• Use Case: Voice of the Public
  • Segment: Government Agencies
  • Product: Rosette

Better Border Security: Going Beyond Watch Lists


The Syrian refugee and migrant crisis is overwhelming Europe. The reality of ISIS fighters entering in the guise of refugees, has made it clear that watch lists are not enough to secure borders. Furthermore, 6,000 Europeans—including 1,800 French—have left home and joined ISIS in their war.1 Among the French, 118 returned to France in 2014.2 The question is, where are those people now? It is unlikely that all of them will be on a watch list.

The reality of ISIS fighters entering in the guise of refugees, has made it clear that watch lists are not enough to secure borders.

Our borders can be significantly strengthened through the use of applications built on text analytics to find insights from diverse data sources.
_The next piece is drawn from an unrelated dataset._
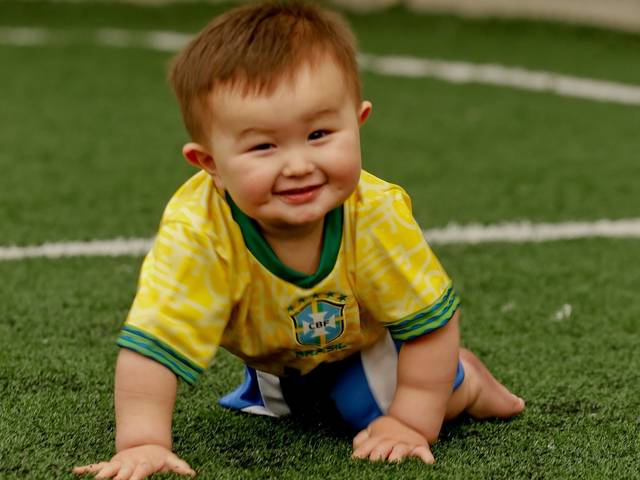 CRIANÇAS de MIGUEL 11 MESES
Advanced social mining through natural language processing is already in use in the commercial world; making a transition into the public sector is a logical and lifesaving next step. These applications can increase the ability of analysts and security personnel to see the most vital data quickly, and form the final conclusions that still require human experience and intellect.

Text analytics can support border security in three ways: (1) to identify present dangers near borders and at screening time, (2) to identify potential dangers that need follow-up, and (3) to forecast future troubles at borders.
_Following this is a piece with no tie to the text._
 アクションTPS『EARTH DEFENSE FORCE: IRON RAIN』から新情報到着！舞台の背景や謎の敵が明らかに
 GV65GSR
Identifying Present Dangers

Heathrow-T5Monitoring all data from all channels means the ability to catch tweets like,

“Saw a woman abandon a bag at the toilet at gate 35 @Heathrow terminal 5.”

Such a system is programmed for key phrases such as “abandoned bag” and could verify the tweet was sent from Heathrow and extract the location “gate 35 @Heathrow terminal 5” to trigger an alert to airport authorities. Security could then check CCTV tapes to determine if the bag owner was a harried mother changing a baby’s diaper who forgot her bag, or something more ominous. The key is an ability to act on vital signals from any channel.

“We run people against watchlists and that’s how we decide if they get extra screening. In cases where those lists don’t hit, there’s nothing that distinguishes them from people we would love to welcome to this country.”

—C. Stewart Verdery Jr., a senior Homeland Security official during George W. Bush’s administration 3

Unlike the U.S. which can pre-screen visitors because of visa requirements, the EU border officer is under pressure to determine whether or not a person should be allowed in at the moment the visitor arrives at the border. If the person is not on a watch list, there is nothing but his travel papers and word. But, it does not have to be that way.

In The Commercial World

The sharing economy is already leveraging social media to strengthen security. While companies like Uber and Airbnb are revolutionizing their industries to benefit consumers, the nature of peer-to-peer transactions created novel means to commit crime. User reviews proved inadequate to manage the risk involved in trusting strangers for a ride or a place to stay.4

In response, Airbnb built their Verified ID5 feature, which includes verifying online IDs such as Facebook, LinkedIn, and Google+ against passports and other government-issued IDs, Airbnb provides both hosts and travelers with unprecedented trust in the transaction.6

At Passport Control

Similarly, border security could leverage online IDs to corroborate a person’s passport to increase confidence that the person standing there is indeed who he claims to be. Can the visitor answer questions of profession and education, which are easily verified on LinkedIn? Conversely, lack of corroboration with online data plus suspicious circumstances—sharing the same name as a person posting Jihadist messages on Facebook—may alert security to the need for further questioning.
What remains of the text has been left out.